A faithful copy of the entire listing is what is needed.
****************
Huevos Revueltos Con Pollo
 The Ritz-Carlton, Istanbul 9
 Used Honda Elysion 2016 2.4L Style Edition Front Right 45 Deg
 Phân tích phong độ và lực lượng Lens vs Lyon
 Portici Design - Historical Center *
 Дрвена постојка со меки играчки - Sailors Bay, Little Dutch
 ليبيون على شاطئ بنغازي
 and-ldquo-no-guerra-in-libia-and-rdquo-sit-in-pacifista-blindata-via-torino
****************
● **Your solution**
Huevos Revueltos Con Pollo
 The Ritz-Carlton, Istanbul 9
 Used Honda Elysion 2016 2.4L Style Edition Front Right 45 Deg
 Phân tích phong độ và lực lượng Lens vs Lyon
 Portici Design - Historical Center *
 Дрвена постојка со меки играчки - Sailors Bay, Little Dutch
 ليبيون على شاطئ بنغازي
 and-ldquo-no-guerra-in-libia-and-rdquo-sit-in-pacifista-blindata-via-torino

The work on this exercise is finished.